Even if the Code were right that information about a person’s biological sex is special category data there would be ample justification for recording it for the safety and privacy purposes outlined in the EHRC Code. As Sex Matters and Shadow Minister for Equalities Claire Coutinho both point out, the inclusion of this point appears to have its roots in Government interference.

The danger is the obvious chilling effect this may create. Service providers already operating in an atmosphere of uncertainty and fearful of litigation may conclude that enquiries concerning sex are legally hazardous even where they are entirely lawful and necessary for the operation of single-sex services. If service providers become afraid to ask legitimate questions, many of the practical protections for women which the revised Code seeks to reinforce may exist more on paper than in reality.

Importantly, the Code itself does not envisage routine challenges to service users or intrusive verification procedures. It makes clear that further enquiries concerning sex will generally arise only in unusual circumstances where there is a genuine issue regarding eligibility for a lawful single-sex service, for example where an individual declines to answer questions concerning their sex or where there are continuing grounds for concern regarding the accuracy of information provided. Even then, the Code notes the practical difficulty created by the current legal framework, observing that official documents can no longer be relied upon as definitive evidence of biological sex because passports, driving licences and, in some circumstances, birth certificates may reflect ‘acquired gender’ rather than biological reality.
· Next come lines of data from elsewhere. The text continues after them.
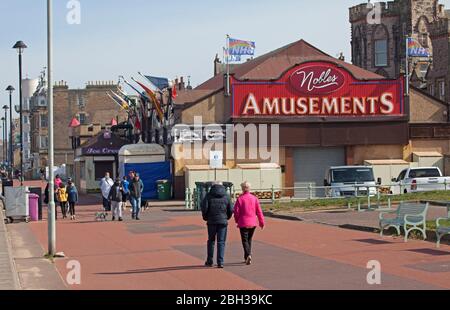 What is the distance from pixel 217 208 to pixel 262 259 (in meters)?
1.72

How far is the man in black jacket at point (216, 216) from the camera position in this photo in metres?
15.8

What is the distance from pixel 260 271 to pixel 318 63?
32723 mm

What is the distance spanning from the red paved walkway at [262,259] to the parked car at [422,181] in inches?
447

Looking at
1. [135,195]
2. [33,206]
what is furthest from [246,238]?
[33,206]

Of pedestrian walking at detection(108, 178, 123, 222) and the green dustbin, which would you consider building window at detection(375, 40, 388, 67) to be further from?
pedestrian walking at detection(108, 178, 123, 222)

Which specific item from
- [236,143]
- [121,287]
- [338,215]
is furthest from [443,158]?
[121,287]

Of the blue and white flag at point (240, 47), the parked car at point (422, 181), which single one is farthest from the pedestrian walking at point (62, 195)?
the blue and white flag at point (240, 47)

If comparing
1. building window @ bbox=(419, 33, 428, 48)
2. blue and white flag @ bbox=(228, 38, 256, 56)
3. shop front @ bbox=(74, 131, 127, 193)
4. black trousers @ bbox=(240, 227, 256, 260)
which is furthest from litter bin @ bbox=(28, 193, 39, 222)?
building window @ bbox=(419, 33, 428, 48)

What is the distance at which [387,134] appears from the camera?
47406mm

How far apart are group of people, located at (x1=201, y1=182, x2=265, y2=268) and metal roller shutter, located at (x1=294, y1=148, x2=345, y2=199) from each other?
30486 mm

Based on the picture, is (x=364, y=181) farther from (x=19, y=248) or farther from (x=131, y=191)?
(x=19, y=248)

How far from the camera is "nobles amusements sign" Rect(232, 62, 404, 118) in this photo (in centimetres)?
4625

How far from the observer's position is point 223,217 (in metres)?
15.9

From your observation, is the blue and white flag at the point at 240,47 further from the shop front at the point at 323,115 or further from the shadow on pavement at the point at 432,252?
the shadow on pavement at the point at 432,252
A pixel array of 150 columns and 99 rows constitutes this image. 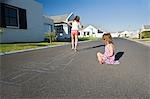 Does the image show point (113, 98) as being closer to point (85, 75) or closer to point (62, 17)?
point (85, 75)

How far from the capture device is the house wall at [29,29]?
66.5ft

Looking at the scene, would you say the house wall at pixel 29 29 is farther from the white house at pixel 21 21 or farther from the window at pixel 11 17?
the window at pixel 11 17

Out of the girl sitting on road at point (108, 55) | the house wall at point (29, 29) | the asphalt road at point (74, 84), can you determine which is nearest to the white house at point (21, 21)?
the house wall at point (29, 29)

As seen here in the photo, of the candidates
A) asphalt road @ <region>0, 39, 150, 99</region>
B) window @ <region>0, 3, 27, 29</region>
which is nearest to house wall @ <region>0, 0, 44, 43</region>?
window @ <region>0, 3, 27, 29</region>

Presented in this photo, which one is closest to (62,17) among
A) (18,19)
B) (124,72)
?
(18,19)

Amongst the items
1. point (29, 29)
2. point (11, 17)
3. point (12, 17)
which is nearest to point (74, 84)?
point (11, 17)

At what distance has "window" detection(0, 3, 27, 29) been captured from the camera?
62.6 feet

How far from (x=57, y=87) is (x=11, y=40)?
17.3 metres

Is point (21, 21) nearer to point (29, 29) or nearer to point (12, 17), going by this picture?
point (12, 17)

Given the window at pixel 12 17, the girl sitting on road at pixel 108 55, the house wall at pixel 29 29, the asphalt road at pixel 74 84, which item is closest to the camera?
the asphalt road at pixel 74 84

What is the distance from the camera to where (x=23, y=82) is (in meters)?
4.62

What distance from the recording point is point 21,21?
22719 mm

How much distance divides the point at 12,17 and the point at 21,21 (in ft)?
4.56

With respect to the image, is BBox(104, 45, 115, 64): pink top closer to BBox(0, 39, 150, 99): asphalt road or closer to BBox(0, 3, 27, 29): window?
BBox(0, 39, 150, 99): asphalt road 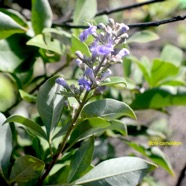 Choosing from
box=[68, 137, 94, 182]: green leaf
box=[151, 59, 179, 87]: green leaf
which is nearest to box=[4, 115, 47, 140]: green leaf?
box=[68, 137, 94, 182]: green leaf

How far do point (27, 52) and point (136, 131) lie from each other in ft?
1.97

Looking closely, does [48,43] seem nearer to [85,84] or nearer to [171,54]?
[85,84]

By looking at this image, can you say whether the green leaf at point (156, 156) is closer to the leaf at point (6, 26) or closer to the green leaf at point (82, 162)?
the green leaf at point (82, 162)

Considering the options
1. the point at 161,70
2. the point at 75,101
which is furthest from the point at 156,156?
the point at 75,101

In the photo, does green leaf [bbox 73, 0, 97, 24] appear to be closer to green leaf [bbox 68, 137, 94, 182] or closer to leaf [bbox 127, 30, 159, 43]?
leaf [bbox 127, 30, 159, 43]

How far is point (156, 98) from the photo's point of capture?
1624mm

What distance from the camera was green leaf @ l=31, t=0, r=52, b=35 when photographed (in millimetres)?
1508

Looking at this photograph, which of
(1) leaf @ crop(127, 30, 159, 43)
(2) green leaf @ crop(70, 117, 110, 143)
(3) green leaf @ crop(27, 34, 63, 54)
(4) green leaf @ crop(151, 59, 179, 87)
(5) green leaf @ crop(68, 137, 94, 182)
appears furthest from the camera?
(4) green leaf @ crop(151, 59, 179, 87)

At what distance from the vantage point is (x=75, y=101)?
131 cm

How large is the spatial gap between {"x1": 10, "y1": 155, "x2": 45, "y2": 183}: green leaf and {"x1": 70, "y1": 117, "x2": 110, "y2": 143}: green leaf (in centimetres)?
11

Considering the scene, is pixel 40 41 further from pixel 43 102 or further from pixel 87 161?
pixel 87 161

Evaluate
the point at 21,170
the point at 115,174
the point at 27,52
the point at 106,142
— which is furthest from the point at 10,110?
the point at 115,174

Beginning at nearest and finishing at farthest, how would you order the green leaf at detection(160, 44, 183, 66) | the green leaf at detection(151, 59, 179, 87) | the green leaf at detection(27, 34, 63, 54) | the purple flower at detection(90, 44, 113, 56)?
1. the purple flower at detection(90, 44, 113, 56)
2. the green leaf at detection(27, 34, 63, 54)
3. the green leaf at detection(151, 59, 179, 87)
4. the green leaf at detection(160, 44, 183, 66)

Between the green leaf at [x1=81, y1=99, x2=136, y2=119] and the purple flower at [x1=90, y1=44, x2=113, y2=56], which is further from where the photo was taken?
the green leaf at [x1=81, y1=99, x2=136, y2=119] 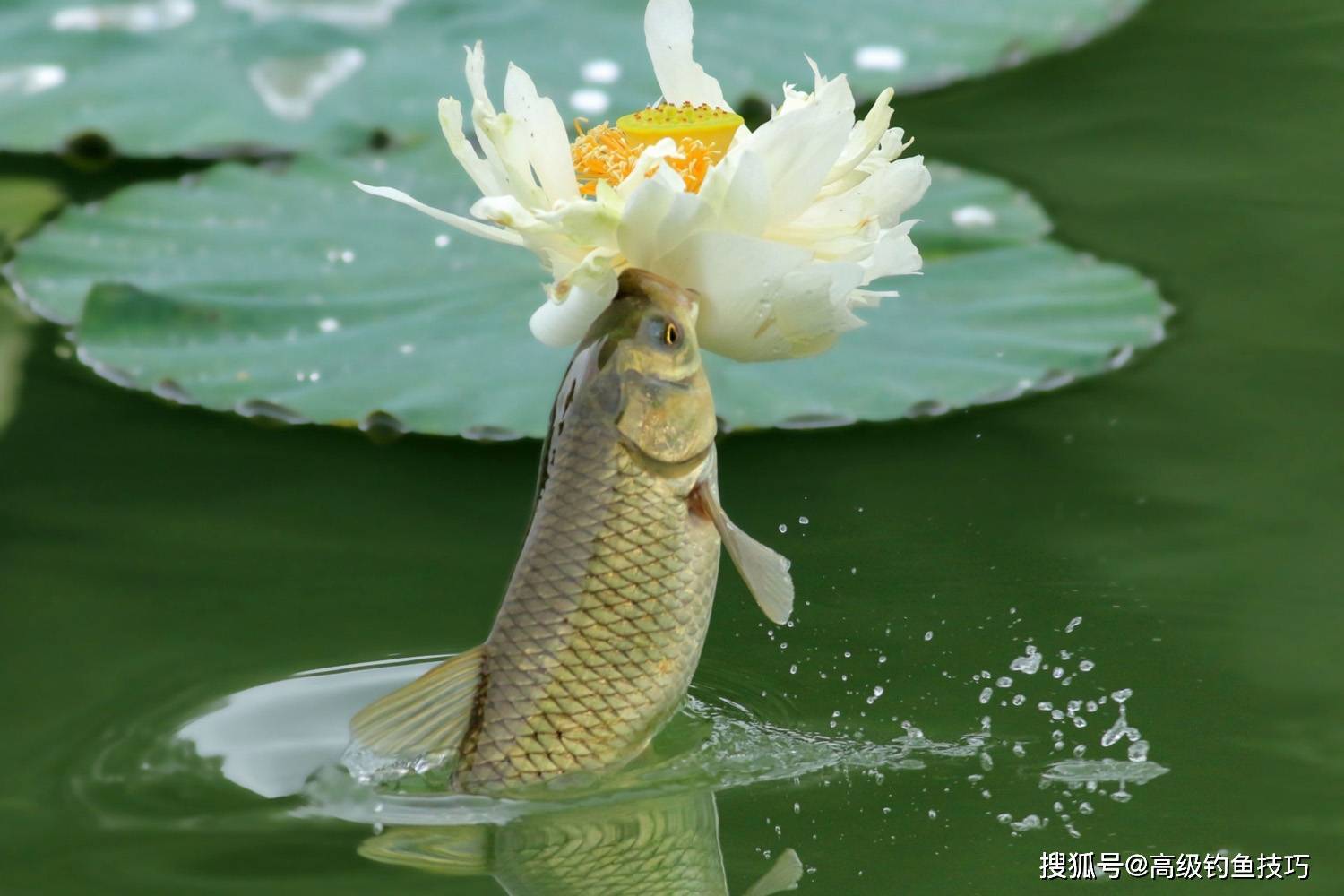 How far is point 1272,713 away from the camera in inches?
90.3

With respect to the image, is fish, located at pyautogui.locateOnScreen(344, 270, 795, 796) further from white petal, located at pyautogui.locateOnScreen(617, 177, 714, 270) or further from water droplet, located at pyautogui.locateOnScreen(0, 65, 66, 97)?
water droplet, located at pyautogui.locateOnScreen(0, 65, 66, 97)

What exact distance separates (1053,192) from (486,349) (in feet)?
5.43

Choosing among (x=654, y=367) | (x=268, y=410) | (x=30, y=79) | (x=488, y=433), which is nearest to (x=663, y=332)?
(x=654, y=367)

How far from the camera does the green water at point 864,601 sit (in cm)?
208

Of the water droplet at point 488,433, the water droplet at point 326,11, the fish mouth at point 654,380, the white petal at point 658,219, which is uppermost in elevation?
the water droplet at point 326,11

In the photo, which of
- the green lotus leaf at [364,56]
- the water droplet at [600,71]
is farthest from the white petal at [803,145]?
the water droplet at [600,71]

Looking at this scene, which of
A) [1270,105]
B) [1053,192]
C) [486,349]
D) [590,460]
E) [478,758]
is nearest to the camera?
[590,460]

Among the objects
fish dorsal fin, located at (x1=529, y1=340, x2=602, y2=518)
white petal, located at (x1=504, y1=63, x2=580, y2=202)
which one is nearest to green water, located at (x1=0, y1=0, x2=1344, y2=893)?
fish dorsal fin, located at (x1=529, y1=340, x2=602, y2=518)

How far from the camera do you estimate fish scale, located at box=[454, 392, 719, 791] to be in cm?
195

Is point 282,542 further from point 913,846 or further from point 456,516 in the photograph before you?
point 913,846

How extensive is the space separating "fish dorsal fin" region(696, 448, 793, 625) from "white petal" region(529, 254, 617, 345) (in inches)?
8.9

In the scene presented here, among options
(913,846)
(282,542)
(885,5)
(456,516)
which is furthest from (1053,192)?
(913,846)

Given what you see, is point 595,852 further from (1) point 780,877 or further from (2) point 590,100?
(2) point 590,100

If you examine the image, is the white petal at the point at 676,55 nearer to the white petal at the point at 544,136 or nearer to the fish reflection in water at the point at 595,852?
the white petal at the point at 544,136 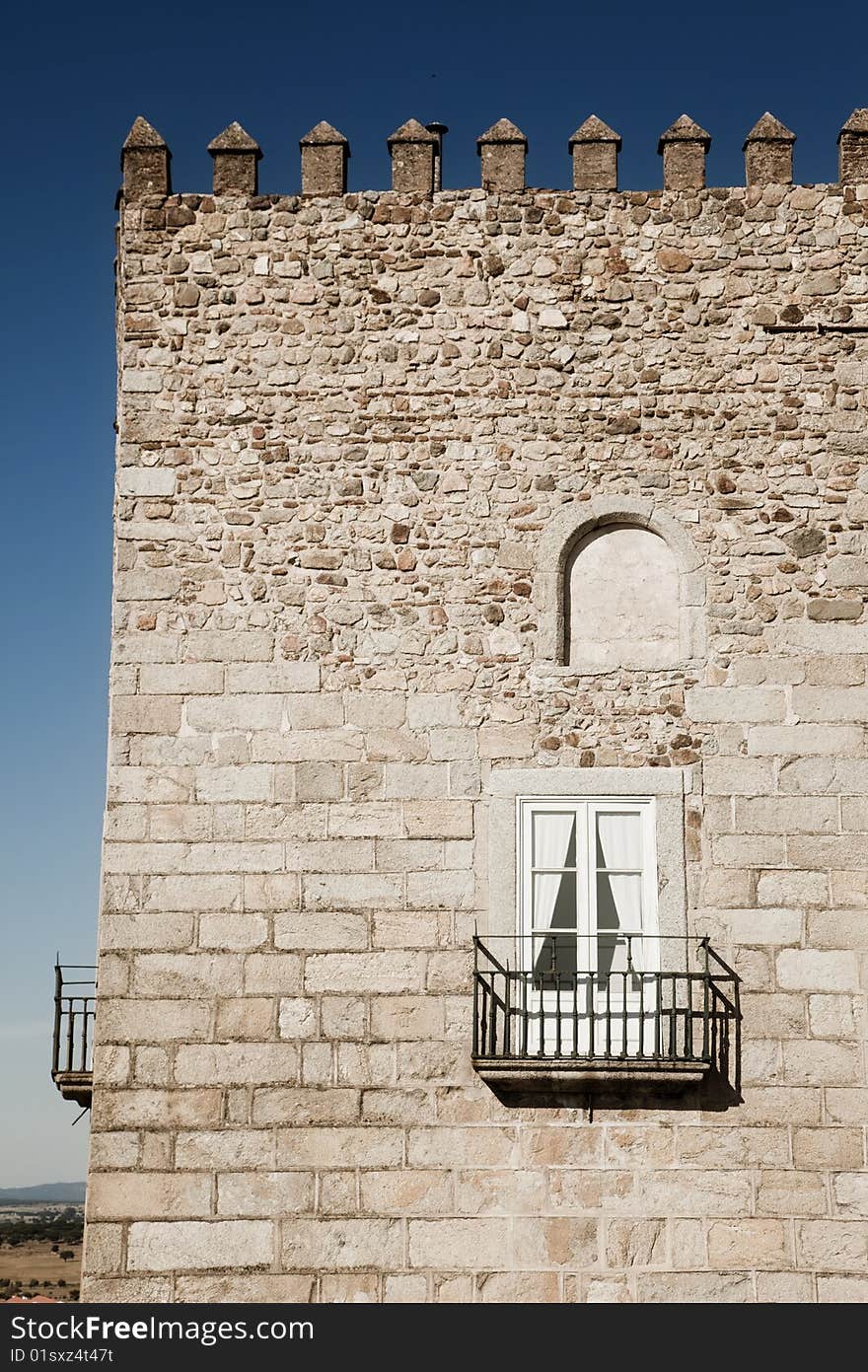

The Code also notes that information concerning Gender Recognition Certificates carries additional legal protections under the Gender Recognition Act 2004, including restrictions on disclosure in certain circumstances.

The Code ultimately recognises that there will be circumstances where rigid rules alone cannot resolve every situation and that service providers will be required to exercise practical judgment. Common sense should remain the governing principle. Questions concerning sex should be asked discreetly, respectfully and only where genuinely necessary. But lawful caution should not become excessive caution. The purpose of the law is not to create a climate where organisations become afraid to ask obvious and legitimate questions, but to allow practical and proportionate decisions to be made in the real world.

Conclusion

The revised EHRC Code represents something far more significant than just another piece of administrative guidance. Read alongside For Women Scotland and the Darlington Nurses judgment, it reflects a legal framework which finally recognises biological reality and applies equality law as it stands in a manner rooted in ordinary human experience and common sense.

Perhaps most encouragingly, many of the principles now appearing in Chapter 13 closely resemble the arguments advanced for years by the Christian Legal Centre and the brave, unwavering women we have supported. Privacy matters. Dignity matters. Safeguarding matters. Women should not be expected to surrender those interests in the name of inclusion. For many readers, this Code will therefore be seen not simply as guidance, but as evidence that the law is beginning once again to reflect reality and the values that ordinary people have understood all along.